How accurate these numbers are is of course very open to debate.
chesskobra
Posts: 343
Joined: Thu Jul 21, 2022 12:30 am
Full name: Chesskobra

Re: Stockfish skill levels

Post by chesskobra »

This is the table posted at the link I gave.

It is possible that the blundering algorithm is quite bad. For example, I would define multi-pv as follows: if you want to find the second best pv at the root, with say white to move, you should find the regular min-max pv, then prune the last white move in the pv, and then find the min-max pv again. So it is possible that you still have to make the best move at the root to lead to the second best pv. This could be one issue (but I am sure most engine developers have thought about this). It is great if you can do this efficiently. But even if it is inefficient, it would be the best thing to do. Then we can decide if we want to make a move on the basis of the second best pv.

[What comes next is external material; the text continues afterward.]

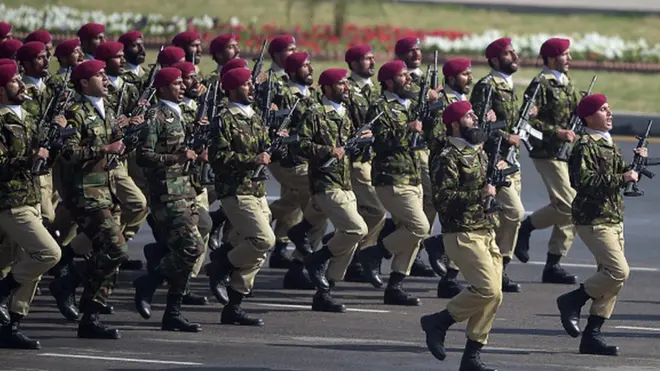 پاکستانی فوج کے دستے پہلے بھی سعودی عرب میں تعینات ہیں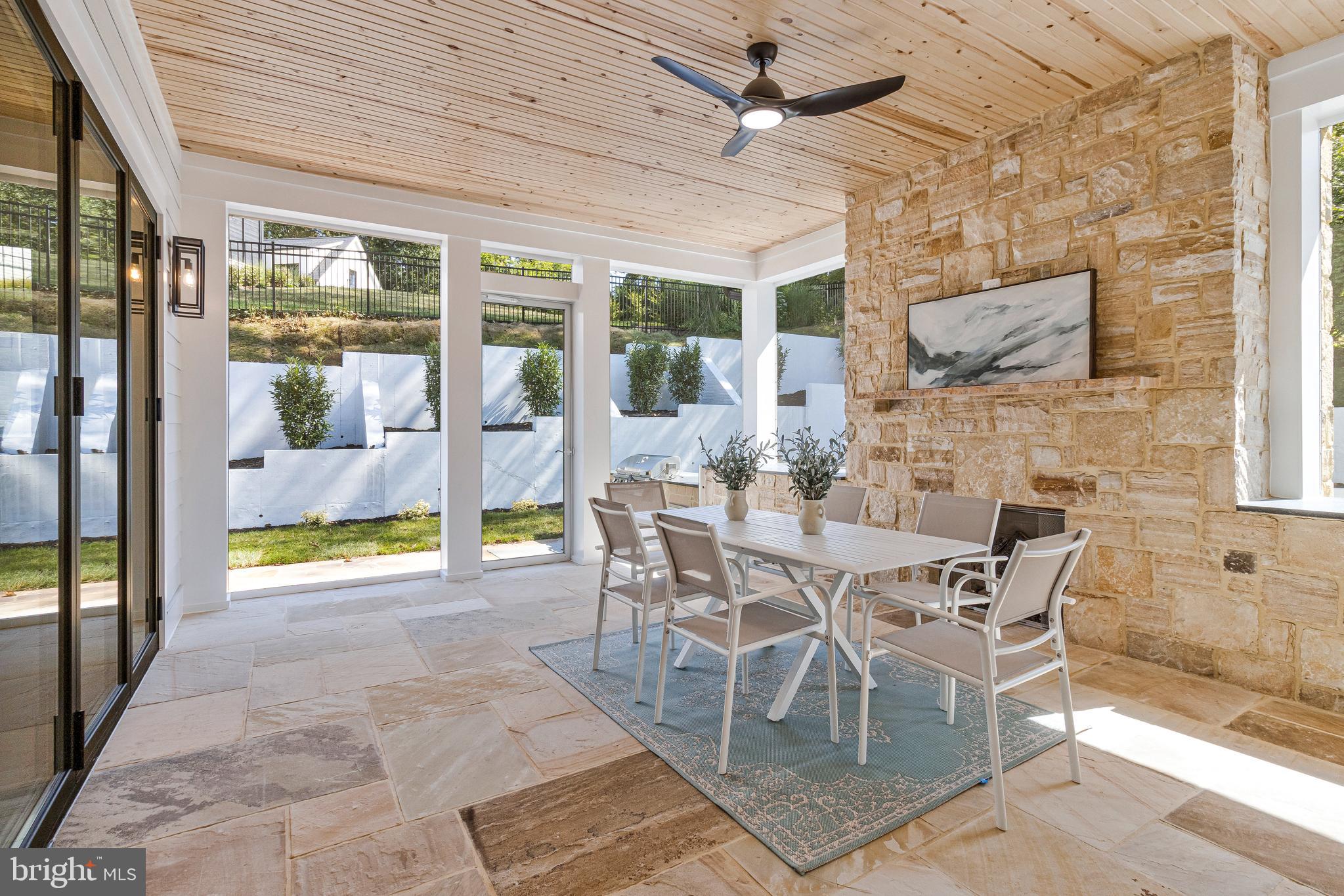 BRADLEY HILLS - Residential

Another possible algorithm (which I am not sure if some engines use) is perturbing the evaluation of the end positions slightly before doing min-max. The flaw with this is that the small perturbation on end positions does not mean small perturbation at the root. There would be discontinuities.
Fritz 0
Posts: 149
Joined: Fri Mar 11, 2022 12:10 pm
Full name: Branislav Đošić

Re: Stockfish skill levels

Post by Fritz 0 »

chesskobra wrote: Mon Jun 17, 2024 12:34 am Has anybody seriously tested Stockfish skill levels? I have been running some tests against Crafty 25.6 Elo levels. For now my plan is to run games between 4 Elo settings 2000, 2100, 2200, 2300 in Crafty 25.6 (option elo=...) and 4 skills levels 6,7,8,9 in Stockfish. I am using Stockfish development version because recently there has been a re-calibration of skill levels https://github.com/official-stockfish/S ... it/a08b8d4. From my preliminary tests I think that the Crafty Elo range 2000-2300 and SF skill levels 6-9 are comparable. But what concerns me is the endgame play of SF levels is like a box of chocolates. For example, the engine has a pawn on the 7th rank, in KP vs K, and it just doesn't queen for many moves, but just moves the king randomly, often going away from the pawn. It finally queens only when the opposing king threatens to capture. Other examples are saying M9 on one move, and M15 after 1-2 moves, or not taking opposition, or not going to the corner in king+rook pawn against king, and so on. I notice many such examples where a 1600 rated player would play in a straightforward manner. I know skill levels is a secondary goal of the developers (of SF and many other engines). But the skill levels 7-9 are roughly mapped to 2500-2700 range at the above link, which makes no sense. It means to me that it is a good engine at these skill levels only in relation to other engines in terms of WDL score. These levels would crush most of us much before we manage to reach the endgame. But I would like to find an engine that plays decent chess at 2000-2200 range in all phases on the game. I suspect that Crafty or older HCE Stockfish may be doing better in endgame. But I would appreciate suggestions.
The eternal question - how to make an engine make "intelligent" mistakes. And the answer is, in my opinion, as little randomness as possible, and reducing the engine's strength almost exclusively by limiting its search depth or node count. It seems to me, for example, that Komodo 14 or Dragon 2 skill levels 20-22 play reasonable chess in the 2000-2200 Elo range you are looking for.
chesskobra
Posts: 343
Joined: Thu Jul 21, 2022 12:30 am
Full name: Chesskobra

Re: Stockfish skill levels

Post by chesskobra »

Thanks. I do have Komodo 14 and I am planning to test it also.